What never ceases to amaze one is the inability of the western media, and the Australian version are a classic example, to even hint at the real reasons for staying, when the foreigners who occupy Afghanistan are manifestly unwelcome. The protestations of the Afghan “government” that they appreciate the presence of foreign troops on their soil is manifestly self-serving. Their survival rate post liberation could be counted in days.

The real reasons for the American intention to stay were concealed from the very beginning. United States president Bush justified the invasion on the alleged refusal of the Taliban government that then ruled the country, to give up Osama bin Laden, the alleged mastermind of the attacks in New York City and Washington DC on 11 September 2001.

Even if that was a legitimate reason, and it manifestly was not, the refusal to surrender bin Laden surely disappeared the day he died, which was in December 2001 from natural causes. His obituary was even published in the New York Times. We were later treated to the charade of an American foray into Pakistan to “capture” bin Laden with the body then being buried at sea. The troops responsible for this charade were later all killed in a helicopter crash. The mainstream media remained singularly incurious about the amazing sequence of events.

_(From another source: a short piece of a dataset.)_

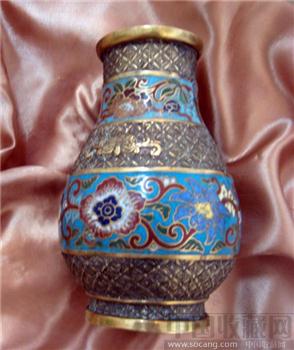 清中期景泰蓝掐丝花瓶(美国西海岸万佛城藏宝阁)-收藏网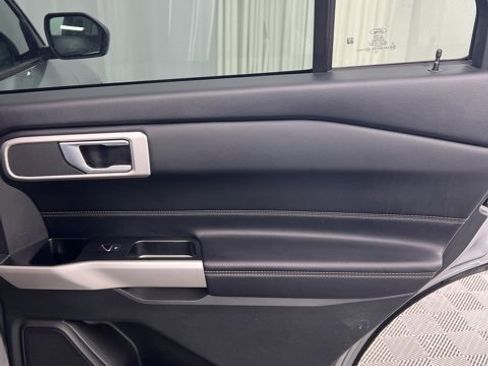 Used 2022 Ford Explorer XLT w/ Equipment Group 202A image 19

The real reasons for the invasion, and the continuing occupation nearly 20 years later, and the reason the Americans and their lackies will stay as long as they can are twofold: drugs and geography.

One of the real reasons the Taliban government had to be deposed in 2001 was that they had drastically reduced the growing of the poppy in the areas of Afghanistan they actually controlled.

That poppy production in turn was processed into heroin, for which Afghanistan is once again the major source in the world. It provides the CIA with their greatest “off the books” revenue. They are not going to relinquish that money and the multiple benefits of controlling the world’s largest source of heroin it gives them, without putting up a major fight.

It is one of the enduring disgraces of the western mainstream media that this factor is almost completely ignored. When the importance of heroin to the world is acknowledged it is almost always totally bereft of any discussion of the CIA’s crucial role. One can read more about the role of heroin in UN reports than one can in the mainstream media.

The other major reason that the United States is reluctant to leave Afghanistan is its geography. Afghanistan shares borders with seven nations, including China. It has friendly relations with none of the seven, all of whom look to either Russia or China or both as their most important friends. All of those countries belong to one or more of the various organisations set up in recent years to facilitate their development, including the Shanghai Corporation Organisation.

During the latter months of the Trump administration the appalling Mike Pompeo tried very hard to woo some of those nations to his anti-China crusade. That he failed to make much headway is a matter of record, but that failure does not mean that the Americans have given up on their ambitions for the region. One can expect similar efforts to be made by the Biden administration, whose antipathy to China took very little time to become apparent.

One can hardly be surprised at the stances being taken by the Biden administration. He, like much of the senior people he has surrounded himself with, are essentially reruns from the Obama years. The old saying goes that one cannot teach an old dog new tricks, and that is becoming more true with each day of the Biden administration.

The positive point is that while the United States administration looks more and more like a rerun of the Obama years, the world has moved on, and nowhere more so than in the Asian – Europe landmass.

It is already economically the most dynamic region in the world and that is expected to continue. Fortunately for the world Eurasia is reasserting itself. The big question is: will the Americans recognise that and scale down their ambitions. Frankly, the signs are not promising.